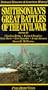 Smithsonians Great Battles Vol 3 [VHS]
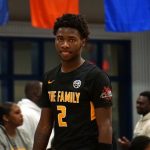 5 Seniors To Watch In Lansing And East Lansing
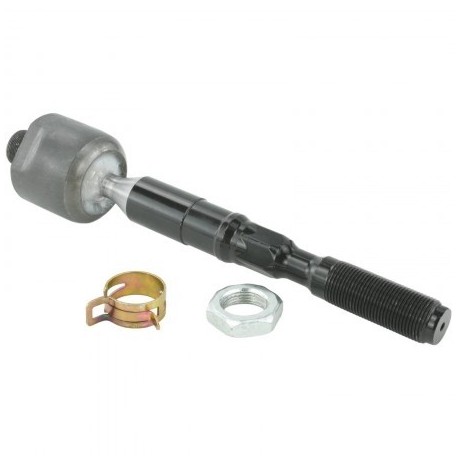 KORMÁNYRÚD NISSAN CABSTAR F24M 2006.09- EL D8521-MD00A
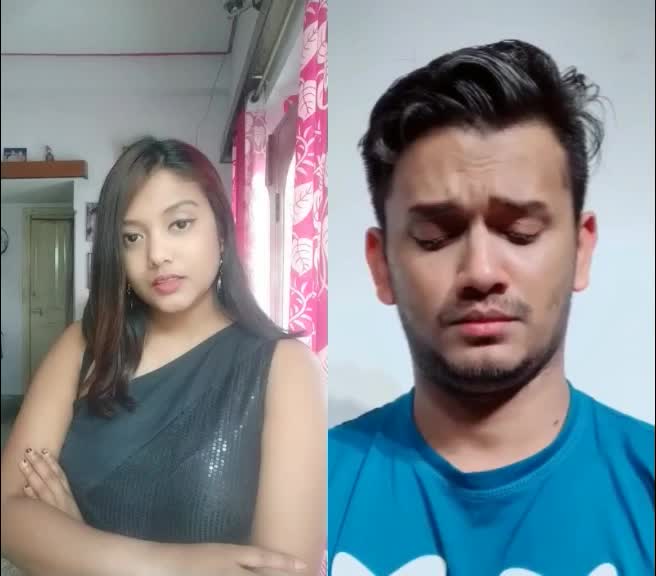@Madhunwita Samaddar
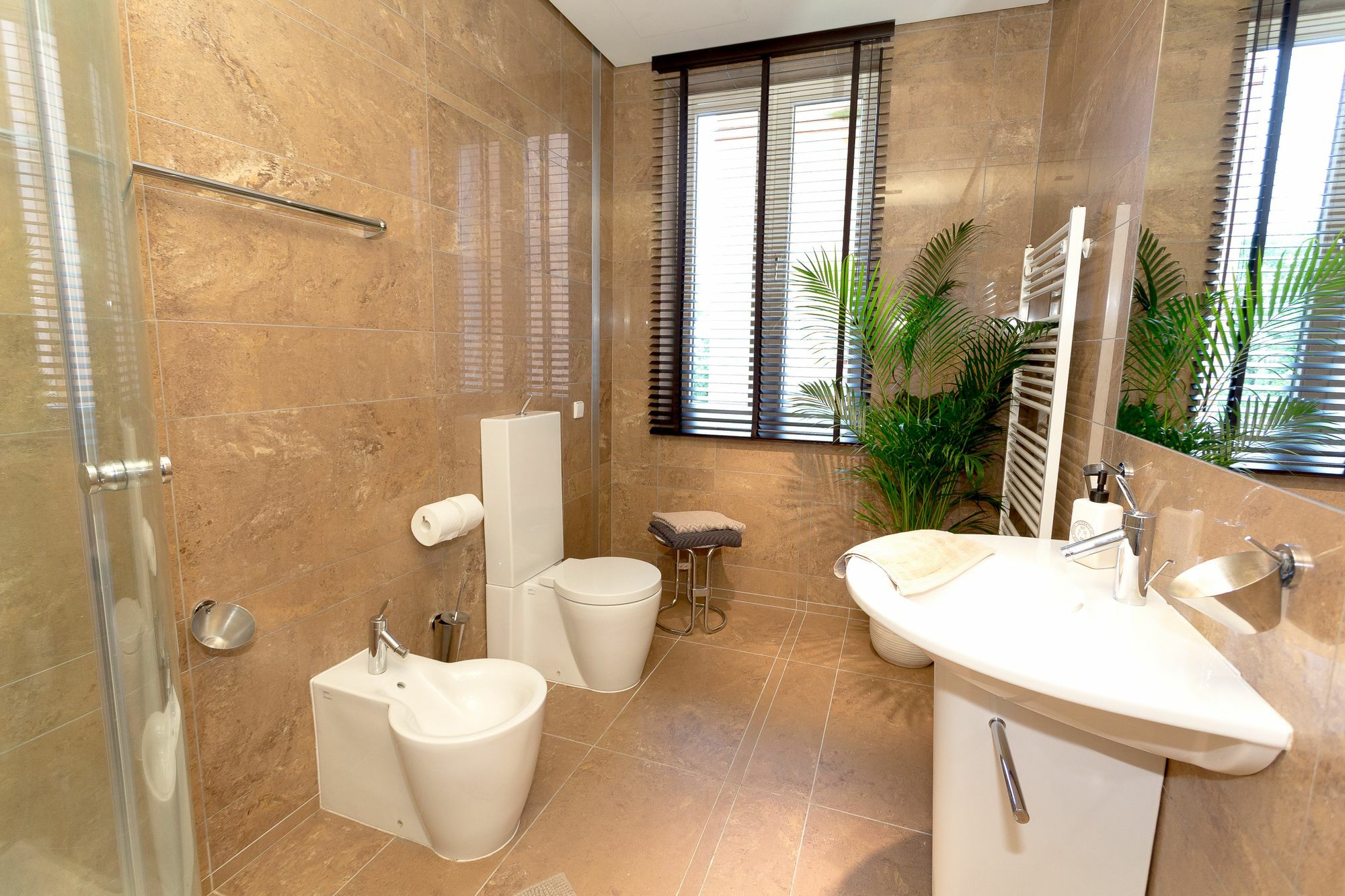 Vilnius Apartments & Suites - Gedimino Avenue Dış mekan fotoğraf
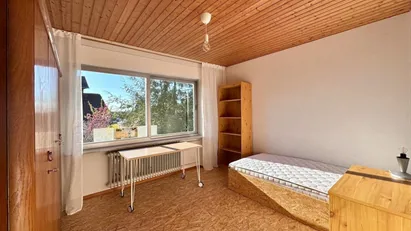 Room for rent in Darmstadt-Dieburg, Hessen
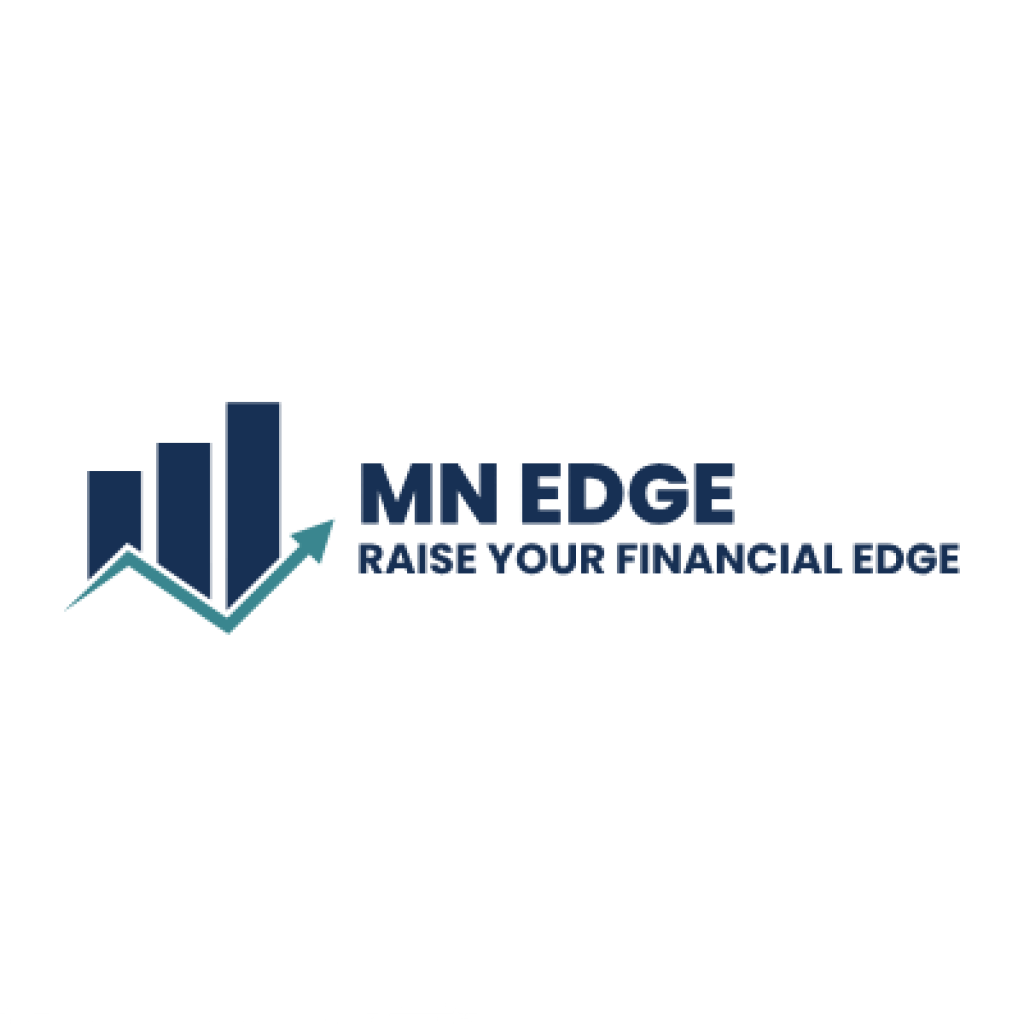 MN Edge Launches in Mississauga, ON, Offering Modern Bookkeeping, Tax Preparation & Accounting Services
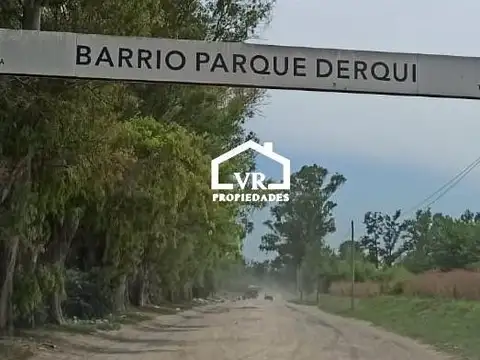 Terreno en Venta en Countries y Barrios Cerrados en Pilar, $ 17.000.000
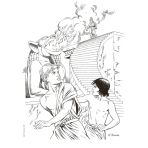 Alix Gesamtausgabe # 10 VZA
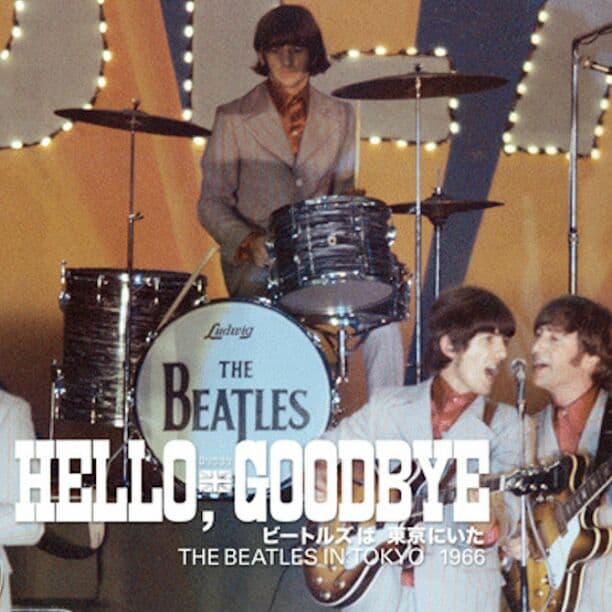 【入手困難】ビートルズ 写真集 浅井愼平 直筆サイン入り 【世界限定1616冊】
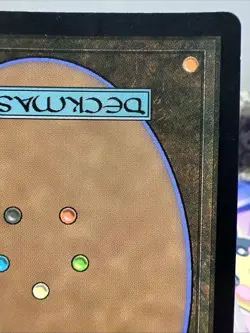 MTG SOUL-GUIDE LANTERN SERIALIZED FOIL #187/500 - Image 11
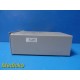 CONMED Linvatec IM3300R 3CCD Digital Camera System w/ IM3330 Camera Head ~ 39605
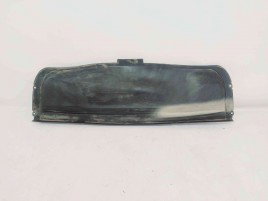 Capac panou OPEL Zafira A (F75) [Fabr 1999-2005] OEM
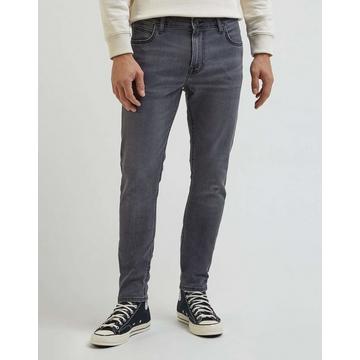 Jeans SKINNY FIT MALONE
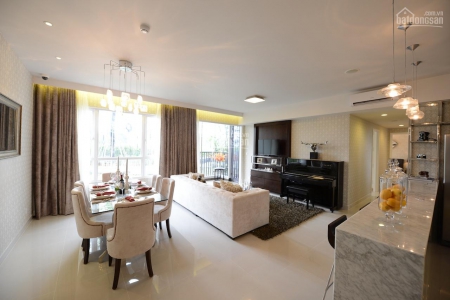 CÁC CĂN 2PN BÁN TẠI TIMES CITY VÀ PARK HILL, GIÁ TỪ 3.4 - 5 TỶ, NHÀ ĐẸP MỚI, ĐẦY ĐỦ ĐỒ, CÓ SỔ ĐỎ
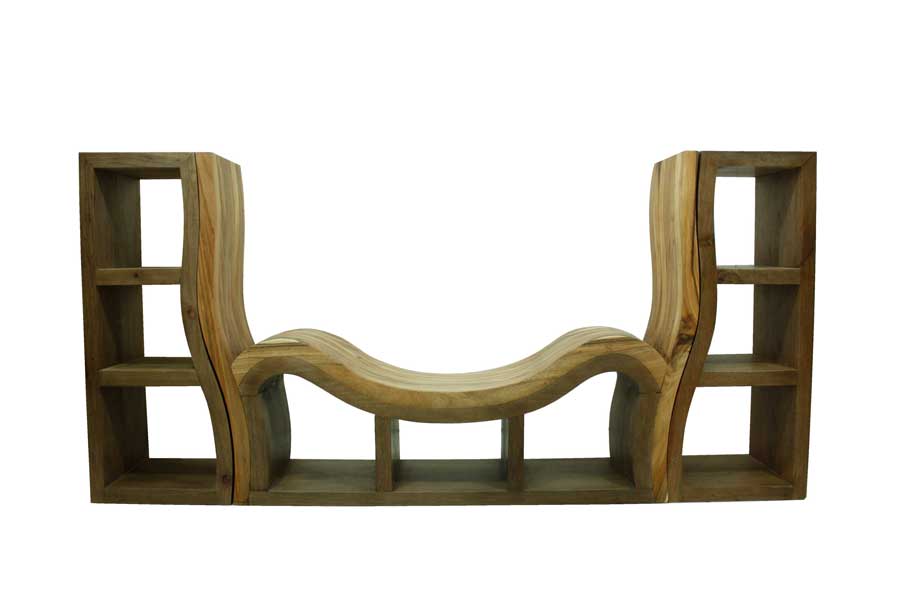 Other Furniture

- THE PROBLEM:
Print, exactly as written, the lines from the one containing "浅井愼平 直筆サイン入り 【世界限定1616冊】" to the end of the material, both ends included, and nothing else; no pictures.

- RESULT OF THE TASK:
 【入手困難】ビートルズ 写真集 浅井愼平 直筆サイン入り 【世界限定1616冊】
 MTG SOUL-GUIDE LANTERN SERIALIZED FOIL #187/500 - Image 11
 CONMED Linvatec IM3300R 3CCD Digital Camera System w/ IM3330 Camera Head ~ 39605
 Capac panou OPEL Zafira A (F75) [Fabr 1999-2005] OEM
 Jeans SKINNY FIT MALONE
 CÁC CĂN 2PN BÁN TẠI TIMES CITY VÀ PARK HILL, GIÁ TỪ 3.4 - 5 TỶ, NHÀ ĐẸP MỚI, ĐẦY ĐỦ ĐỒ, CÓ SỔ ĐỎ
 Other Furniture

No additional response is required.